The prosecution was methodical and of course all the gory details were presented in full color, not black and white.  We attacked each expert as best we could.  We couldn’t dispute the basic facts of the death or that our guy was in the area and was a true law enforcement “groupie” who loved hanging around with cops.  We did establish that he was an informer and did work on drug deal informing for both local law enforcement and the FBI.  We naturally hammered constantly on the fact that there was no physical evidence ever found on our guy, the motel room, or the rent car.  Here we emphasized the goriness of the crime and how was it possible that no blood or hair or skin was found anywhere.  And exactly how did our guy get that body back to the field across the street two days later?  We argued that our guy was admittedly a  kook by any standard but that did not make him a murderer.  We stressed the fact that at least some portions of the confession were clearly ridiculous when he confessed to another murder when he was in prison.  The State couldn’t deny he was in prison at that time.   We had no alibi to present because he was there.  We pointedly talked about his prior criminal record which normally you would not do.  We did it because it was for petty non violent crimes and the wearing of those uniforms re-enforced that he was weird.  He might write hot checks or fraudulently sell cars but he had no history of violence.

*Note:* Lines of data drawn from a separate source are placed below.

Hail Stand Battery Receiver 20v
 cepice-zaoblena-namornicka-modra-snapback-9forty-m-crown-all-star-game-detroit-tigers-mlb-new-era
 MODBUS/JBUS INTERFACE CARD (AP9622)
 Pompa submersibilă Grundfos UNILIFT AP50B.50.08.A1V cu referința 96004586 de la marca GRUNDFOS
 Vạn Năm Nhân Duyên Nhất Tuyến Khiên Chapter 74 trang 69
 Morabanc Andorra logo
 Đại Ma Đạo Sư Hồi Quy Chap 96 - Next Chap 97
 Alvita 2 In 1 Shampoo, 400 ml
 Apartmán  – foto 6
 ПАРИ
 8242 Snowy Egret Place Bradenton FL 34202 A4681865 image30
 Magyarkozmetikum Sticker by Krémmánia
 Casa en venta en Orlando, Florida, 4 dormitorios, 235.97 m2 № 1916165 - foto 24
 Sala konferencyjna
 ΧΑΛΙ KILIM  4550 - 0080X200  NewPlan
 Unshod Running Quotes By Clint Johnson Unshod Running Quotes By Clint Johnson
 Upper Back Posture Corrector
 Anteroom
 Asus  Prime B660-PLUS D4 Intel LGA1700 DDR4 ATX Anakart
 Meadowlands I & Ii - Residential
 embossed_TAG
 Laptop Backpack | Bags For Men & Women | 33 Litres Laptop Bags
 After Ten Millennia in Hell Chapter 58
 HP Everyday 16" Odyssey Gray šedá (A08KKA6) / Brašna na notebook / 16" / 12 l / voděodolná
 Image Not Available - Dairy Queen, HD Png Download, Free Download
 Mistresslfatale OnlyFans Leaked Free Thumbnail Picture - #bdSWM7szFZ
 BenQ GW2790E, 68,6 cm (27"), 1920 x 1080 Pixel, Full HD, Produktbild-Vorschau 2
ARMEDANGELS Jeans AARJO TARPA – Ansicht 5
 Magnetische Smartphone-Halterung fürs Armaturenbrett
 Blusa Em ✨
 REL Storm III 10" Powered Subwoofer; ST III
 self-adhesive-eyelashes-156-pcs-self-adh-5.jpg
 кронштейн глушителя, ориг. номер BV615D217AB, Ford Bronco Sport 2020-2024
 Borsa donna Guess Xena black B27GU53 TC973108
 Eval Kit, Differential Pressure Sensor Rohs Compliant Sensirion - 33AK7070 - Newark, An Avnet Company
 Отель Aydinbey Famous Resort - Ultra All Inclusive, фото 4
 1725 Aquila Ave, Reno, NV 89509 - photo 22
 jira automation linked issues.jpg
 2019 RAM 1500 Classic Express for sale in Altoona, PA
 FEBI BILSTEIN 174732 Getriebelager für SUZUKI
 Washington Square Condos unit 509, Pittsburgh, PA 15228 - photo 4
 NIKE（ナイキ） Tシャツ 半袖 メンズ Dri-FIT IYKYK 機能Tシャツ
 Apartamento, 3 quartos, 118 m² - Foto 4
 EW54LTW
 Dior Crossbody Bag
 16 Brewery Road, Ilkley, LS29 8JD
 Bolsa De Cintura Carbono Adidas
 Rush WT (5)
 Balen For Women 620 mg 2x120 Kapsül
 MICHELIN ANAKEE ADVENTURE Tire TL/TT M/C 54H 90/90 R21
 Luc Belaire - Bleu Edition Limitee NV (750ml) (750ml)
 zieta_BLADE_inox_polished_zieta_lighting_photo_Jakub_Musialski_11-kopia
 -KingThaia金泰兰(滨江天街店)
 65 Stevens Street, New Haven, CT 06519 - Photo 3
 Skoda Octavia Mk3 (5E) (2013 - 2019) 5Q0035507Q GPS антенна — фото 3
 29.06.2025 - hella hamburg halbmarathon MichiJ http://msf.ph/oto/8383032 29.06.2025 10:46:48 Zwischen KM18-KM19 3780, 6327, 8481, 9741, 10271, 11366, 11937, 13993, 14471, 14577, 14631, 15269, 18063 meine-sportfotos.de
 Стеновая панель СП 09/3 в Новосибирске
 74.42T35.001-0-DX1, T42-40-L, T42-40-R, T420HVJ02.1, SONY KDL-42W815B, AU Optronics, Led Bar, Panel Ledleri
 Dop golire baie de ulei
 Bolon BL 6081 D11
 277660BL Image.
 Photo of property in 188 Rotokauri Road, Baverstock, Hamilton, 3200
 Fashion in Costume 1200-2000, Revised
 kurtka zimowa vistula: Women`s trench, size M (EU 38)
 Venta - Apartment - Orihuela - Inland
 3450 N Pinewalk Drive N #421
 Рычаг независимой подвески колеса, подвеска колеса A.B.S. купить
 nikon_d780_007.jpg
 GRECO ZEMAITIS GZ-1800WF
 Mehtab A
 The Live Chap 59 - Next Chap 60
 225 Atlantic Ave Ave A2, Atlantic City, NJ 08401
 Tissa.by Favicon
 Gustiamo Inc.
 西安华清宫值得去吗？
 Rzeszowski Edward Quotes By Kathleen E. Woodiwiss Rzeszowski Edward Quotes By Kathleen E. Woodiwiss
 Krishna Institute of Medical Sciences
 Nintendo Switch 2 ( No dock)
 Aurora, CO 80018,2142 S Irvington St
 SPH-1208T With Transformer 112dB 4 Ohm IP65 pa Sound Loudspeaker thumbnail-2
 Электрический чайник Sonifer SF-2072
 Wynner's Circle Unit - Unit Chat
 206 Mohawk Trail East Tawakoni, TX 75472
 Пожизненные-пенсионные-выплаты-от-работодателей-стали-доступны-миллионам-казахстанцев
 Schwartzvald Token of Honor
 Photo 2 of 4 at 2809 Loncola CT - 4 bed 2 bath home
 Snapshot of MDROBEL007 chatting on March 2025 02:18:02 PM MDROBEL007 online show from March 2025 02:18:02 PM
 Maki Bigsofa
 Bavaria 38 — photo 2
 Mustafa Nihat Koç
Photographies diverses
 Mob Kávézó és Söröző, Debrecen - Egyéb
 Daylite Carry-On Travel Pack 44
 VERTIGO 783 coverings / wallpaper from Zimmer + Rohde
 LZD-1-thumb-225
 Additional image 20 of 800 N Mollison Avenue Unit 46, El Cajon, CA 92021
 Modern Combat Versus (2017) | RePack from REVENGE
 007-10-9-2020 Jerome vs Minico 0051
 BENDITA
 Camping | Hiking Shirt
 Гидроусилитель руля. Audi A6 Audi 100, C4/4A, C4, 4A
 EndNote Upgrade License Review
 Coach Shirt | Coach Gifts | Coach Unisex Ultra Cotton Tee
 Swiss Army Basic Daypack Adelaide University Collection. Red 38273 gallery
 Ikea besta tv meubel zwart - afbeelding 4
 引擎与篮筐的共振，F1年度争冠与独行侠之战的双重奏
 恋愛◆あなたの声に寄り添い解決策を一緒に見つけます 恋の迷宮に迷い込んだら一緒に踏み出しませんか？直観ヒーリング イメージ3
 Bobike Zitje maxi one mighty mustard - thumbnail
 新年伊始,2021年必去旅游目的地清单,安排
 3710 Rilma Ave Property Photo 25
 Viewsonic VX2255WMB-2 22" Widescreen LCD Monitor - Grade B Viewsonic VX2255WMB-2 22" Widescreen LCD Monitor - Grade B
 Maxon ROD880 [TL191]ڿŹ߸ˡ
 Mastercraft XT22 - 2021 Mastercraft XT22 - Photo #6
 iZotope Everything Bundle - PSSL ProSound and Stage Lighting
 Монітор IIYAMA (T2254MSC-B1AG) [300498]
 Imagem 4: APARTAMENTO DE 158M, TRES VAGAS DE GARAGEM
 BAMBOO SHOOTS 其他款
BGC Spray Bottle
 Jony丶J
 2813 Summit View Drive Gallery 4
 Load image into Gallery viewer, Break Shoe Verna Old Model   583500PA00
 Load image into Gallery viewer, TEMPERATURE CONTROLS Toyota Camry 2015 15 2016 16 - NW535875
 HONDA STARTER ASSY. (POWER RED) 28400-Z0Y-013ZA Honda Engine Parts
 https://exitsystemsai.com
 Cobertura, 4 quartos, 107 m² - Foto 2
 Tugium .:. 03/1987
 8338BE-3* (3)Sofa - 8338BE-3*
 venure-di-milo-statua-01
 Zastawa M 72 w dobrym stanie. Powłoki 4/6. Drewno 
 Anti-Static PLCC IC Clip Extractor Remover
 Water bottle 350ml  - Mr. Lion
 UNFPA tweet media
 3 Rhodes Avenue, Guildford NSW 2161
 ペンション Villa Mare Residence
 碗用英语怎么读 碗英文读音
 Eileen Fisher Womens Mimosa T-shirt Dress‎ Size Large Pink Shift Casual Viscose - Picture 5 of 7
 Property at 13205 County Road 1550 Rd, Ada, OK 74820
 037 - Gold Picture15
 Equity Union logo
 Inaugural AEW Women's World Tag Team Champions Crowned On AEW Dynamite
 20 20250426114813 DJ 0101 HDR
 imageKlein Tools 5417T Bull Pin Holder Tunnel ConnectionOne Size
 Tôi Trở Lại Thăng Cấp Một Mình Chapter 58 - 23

The jury was out for only a few hours. They convicted him and gave him 99 years.   You ask did I think he was guilty.  To this day I don’t really know.  He never varied in his denial.  The confession I always thought was coerced but only in the psychological sense.  He wanted to please his law enforcement buddies.  I always found it incredulous that no physical evidence was found except for those teeth marks.  Believe me if you looked at those marks on the original breasts or the photos of them and then his teeth mark impressions it would have looked like chicken scratchings with vague similarities but certainly not an exact match.   A different set of attorneys handled the appeal but the conviction was confirmed which I expected.  We were worn out.   Sometimes you don’t get the clean answer you want.  Even the DA told me that had no other evidence that would link him to the crime that wasn’t  admissible but in their file.  They had no better explanation about the lack of physical evidence than we did.   Last I heard he was still in prison and no parole was likely.  He was in his late 60’s at that time.

Eddie Rickenbacker the noted WWI ace was also credited with inventing the rear view mirror for automobiles while he was a race car driver before the War.  Later he became the President of Eastern Airlines.